4) Core 2 Duo@3.06 GHz, 3.75 GB Memory, 1 core, 64-bit Ubuntu 10.04
2.2. Results for large databases
Smaller number means faster instance
EC2 instance Price/hour1) blastn against nt blastp against nr
Standard Extra Large2) $0.52 21.1 78.8
M3 Extra Large2) $0.58 18.7 67.4
M3 Double Extra Large2) $1.16 11.7 35.4
Cluster Compute Quadruple Extra Large2) $1.30 6.8 20.2
Cluster Compute Eight Extra Large2) $2.40 5.7 12.3
NCBI Website3)   54) 164)
1) US East(Virginia) Region as of 12/28/2012
2) 64-bit Ubuntu 11.10
3) NCBI Blast+ 2.2.27
4) nt has16,967,778 sequences and 43,713,081,416 total letters. nr has 22,325,752 sequences and 7,673,265,207 total letters
3. Conclusions
  1. Since Standard Small does not have enough memory for env_nt and env_nr, meaning results for Standard Small is est_mouse results only.  From the est_mouse results, Standard Small and Standard Medium are slower than regular PC.  There is no reason to use these instances instead of your PC.

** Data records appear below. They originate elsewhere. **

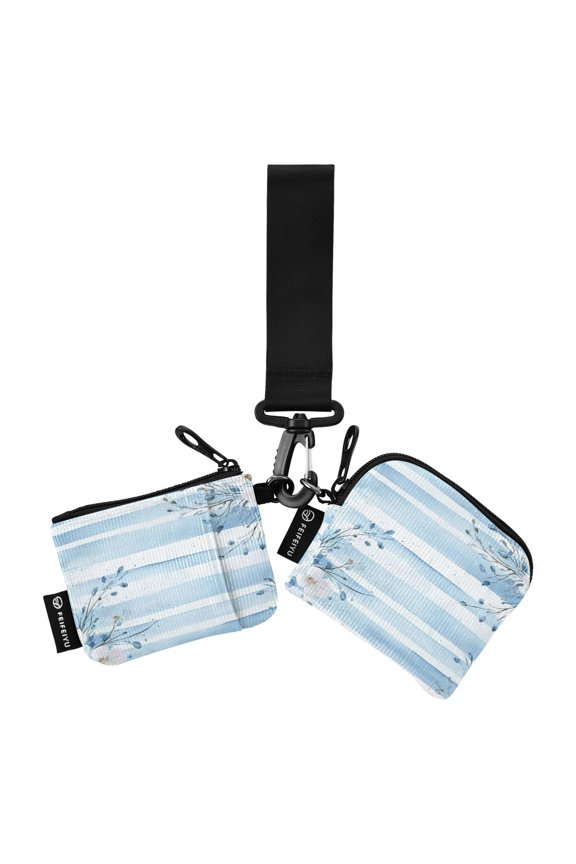 Portable Coin Purse Two 4.13x4.13 Iinches 4.13x3.5 Inches Wrist Coin Purse Keys Coin Purse Portable Women's Purse Beautiful Pretty Blue Flowers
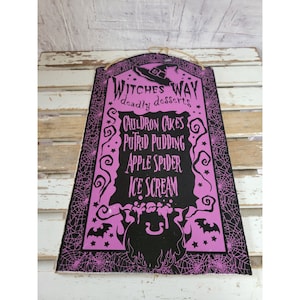 Brujas Halloween signo cartón hogar decoración púrpura signo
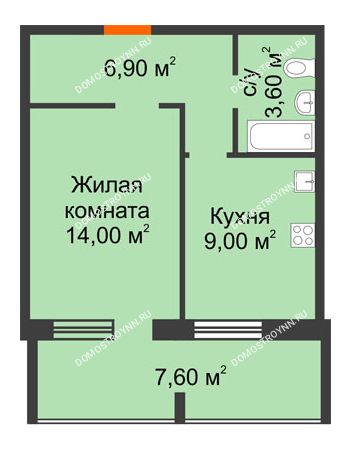 1 комнатная квартира 37,3 м² в ЖК Удачный 2, дом № 1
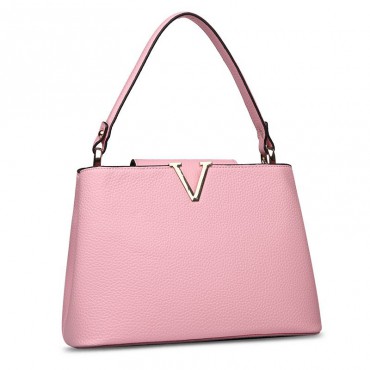Valentine Genuine Leather Shoulder Bag Pink 75125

  2. Standard Extra Large is almost twice as fast as Standard Large for all databases.  Since the price of Standard Extra Large is twice as much as that of Standard Large, this result is reasonable.
  3. Cluster Compute Quadruple Extra Large is the fastest for all databases.  Since the price of this instance is almost twice of that of Standard Extra Large and more than twice faster than that,  Cluster Compute Quadruple Extra Large is the best instance from a cost/performance viewpoint.
  4. For large databases such as env_nt and env_nr, High-CPU Extra Large is almost 1.4 times faster than Standard Extra Large.  Since the price of High-CPU Extra Large is almost the same as that of Standard Extra Large, High-CPU Extra Large is the better instance.
  5. Since High-CPU Extra Large has only 7 GB memory, Standard Extra Large which has 15 GB memory or Cluster Compute Quadruple Extra Large which has 23 GB memory should be used for huge databases such as nt and nr.
  6. The performance of Rackspace 8GB/4vCPUs is almost same as those of EC2 instances.  However, Rackspace 15GB/6vCPUs is not recommended from a cost/performance viewpoint.
  7. Cluster Compute Eight Extra Large is almost as fast as the NCBI Website. This instance is suitable for large Blast searches which will be aborted by "Error: CPU usage limit was exceeded, resulting in SIGXCPU (24)." error in the NCBI Website.
  8. Since Cluster Compute Eight Extra Large has 60.5 GB memory, it can be used for databases created from NGS data.